Why do seniors want to stay in their homes?

There are a slew of reasons for seniors to want to stay in their homes as they age. In fact, the “aging in place” trend has been gaining momentum in the past few years. A recent AARP survey found that a whopping 75% of adults 50 and older said they wish to remain in their current homes as they age, while 73% hope to stay in their communities.

Bobbi Rebell, CFP, a personal finance expert at CardRates.com, argues that we are emotionally attached to our homes and often have very special memories. We also tend to want to avoid change if we can.

In addition, she says it is not always financially viable to move somewhere else, given today’s economics.

“If someone has a mortgage locked in, a new one could carry double the interest rate, making a move financially unwise. Housing is expensive, as is the cost of a move, and downsizing is not always a financial win,” Rebell points out. “There are transaction fees, taxes, and realtor commissions to be paid along with movers and very often, hiring someone to help sort through a lifetime of stuff that has been collected.”

Finally, retirees are also often very comfortable and dependent on their community for social support and for friendships.

“Moving to a new place can be very disruptive and not always beneficial. At the end of the day, many retirees simply want to age in place and stay in the home they already have rather than risk moving to the unknown,” she adds.

Are there financial drawbacks to unretiring?

While many Americans think unretiring can be a wise financial decision and help them stay in their homes instead of downsizing or moving to a cheaper locale, experts note that there are also some financial drawbacks, and retirees should weigh their options carefully.

Yehuda Tropper, CEO of Beca Life Settlements, an educational platform, notes that while rejoining the workforce can help plug a financial gap, it isn’t always the best financial choice.

“Additional income pushes retirees into higher tax brackets and raises Medicare premiums as well, reducing portions of benefits that are nontaxable.
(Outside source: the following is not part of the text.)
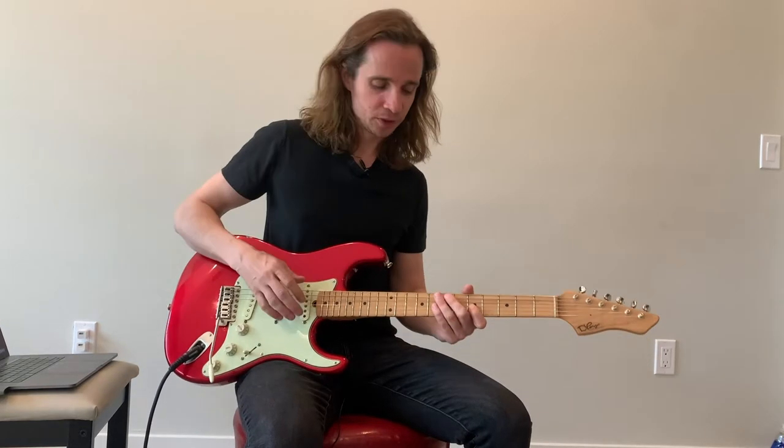Stupid guitar trick number... I'm not exactly sure. I've lost count at this point. But I found this out recently. Check this out. The bell sound — similar to the gong sound, but it's easier. Try this.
In some cases, only working part time erodes more than one gains due to these adjustments,” he says.

How can retirees avoid having to return to work, and how can pre-retirees prepare?

Pre-retirees should budget and plan

Consumer finance expert Austin Kilgore, an analyst with the Achieve Center for Consumer Insights, part of digital personal finance company Achieve, recommends that younger adults nearing retirement start by checking one of many available online retirement calculators to determine how much savings they’ll realistically need to pay for their expenses in retirement.
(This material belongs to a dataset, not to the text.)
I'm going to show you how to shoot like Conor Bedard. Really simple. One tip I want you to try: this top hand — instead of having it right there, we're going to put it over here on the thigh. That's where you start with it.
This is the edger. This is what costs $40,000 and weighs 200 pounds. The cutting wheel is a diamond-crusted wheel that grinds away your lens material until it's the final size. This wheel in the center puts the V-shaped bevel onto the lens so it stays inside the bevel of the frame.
“You can also visit the Social Security website for an estimate of what your income there would be. Given the uncertainty regarding government programs, it’s wise not to depend on Social Security entirely, but it’s still good to get an idea,” he adds.
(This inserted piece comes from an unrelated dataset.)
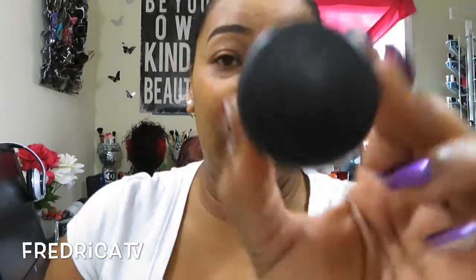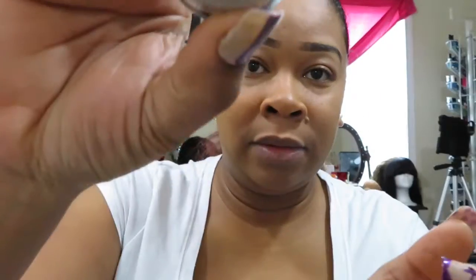I'm going to use MAC Paint Pot — it's a longwear product by MAC. I'm going to use my fingertip and hit the top of my eyelid. This is for eyeshadow base. If you want your eyeshadow to stay on long, this is what you want to use. It works out for me and I like it.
 He says the next step is to create and use a budget built on goals and include retirement savings as an expense in the budget so that it is a “bill” to be paid every week or month.

“Then put that savings on autopilot by adding a designated percent or amount of every paycheck to a retirement savings account,” Kilgore advises.

Be proactive and find alternative solutions.

Retirement Genius’ Orestis says that alternative funding solutions, such as a reverse mortgage or liquidating unneeded life insurance policies through a life settlement, can generate significant liquidity.

He urges younger adults to invest consistently, manage debt wisely, and understand that today’s retirement is likely to be longer and more expensive than previous generations’.

Cutting back

Finally, CardRates.com’s Rebell notes that cutting back can include refinancing to lower the monthly mortgage cost and ensuring this cohort gets all the property tax breaks they are entitled to as senior citizens.

In addition, cutting expenses, especially those they may not even realize they have, is a good idea.

“That can include subscriptions that are on autopay, insurance policies that are no longer needed, and looking at how you use things you pay for, including utility and cable bills,” Rebell says. “You may be running the air conditioning on a second floor you rarely use. Consider lowering it a few degrees to take the edge off that bill.”